The shock figures, published today by Oxfam, Church Action on Poverty and The Trussell Trust are near to the equivalent to one meal for every one of the 26 million households in the country.

In Scotland, the Trussell Trust fed 71,428 people in 2013/14 - five times the number of people it helped the previous year.

In Glasgow it helped almost 10,000. However, as the Evening Times has reported, these figures don't include those fed by independent groups and churches.

The new report - Below the Breadline - came following the launch of our Food for Thought campaign.

We are calling for a more coordinated approach to make sure foodbanks have a network of support and hungry people know where to seek help.

The report warns that the huge rise in meals handed out is an indictment of an increasingly unequal Britain. The charities want the UK Government to urgently draw up an action plan to reverse the rising tide of food poverty and to collect evidence to understand the scale and cause of the rise in foodbank usage.

They are also urging all political parties to re-instate the social safety net principle as a core purpose of the welfare system.

It comes just a week after the Scottish Parliament's Welfare Reform Committee identified UK-wide welfare reforms as a "significant cause" of the rising use of food- banks in Scotland and highlighted sanctions as a particular issue.

Since the new sanctions policy started in October 2012, more than 1 million sanctions have been applied in the UK, with nearly 100,000 in Scotland.
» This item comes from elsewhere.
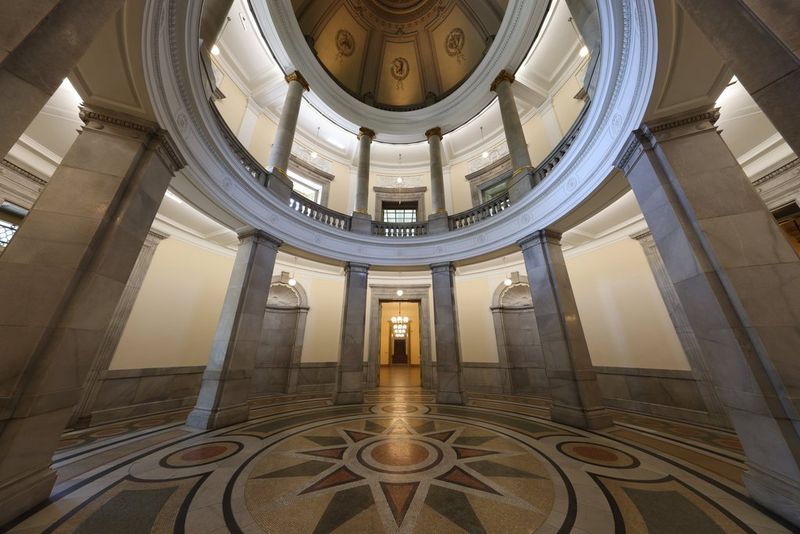 A wide interior captured on a Canon 10-20mm L-series lens, showing columns and walkways, along with the decorative floor and ceiling.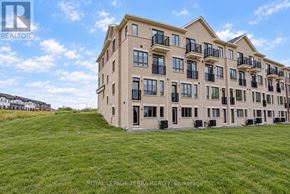 Whitby townhouse for rent - A large building with a lawn in front of it.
In the past eight years, food prices have risen by 43.5% as the poorest 20% have seen their disposable income fall by £936 a year.

Jamie Livingstone, head of Oxfam Scotland, said: "Foodbanks provide invaluable support for families on the breadline but the fact they are needed in 21st century Scotland is a stain on our national conscience."

Foodbank users featured in the report spoke of the struggle to feed themselves and of deteriorating health.

One woman described her situation as, "like living in the 1930s", while another said "I wouldn't eat for a couple of days, just drink water".

Research shows that more than half a million children in the UK are in families that are unable to provide a minimally acceptable diet.

George Kirkpatrick, chairman of West Dunbartonshire Community Foodshare, said charities had to step in to help and he fears "this is being encouraged as the new norm for delivering welfare to the destitute".

The report will feature in tonight's Dispatches, at 7.35pm on Channel 4.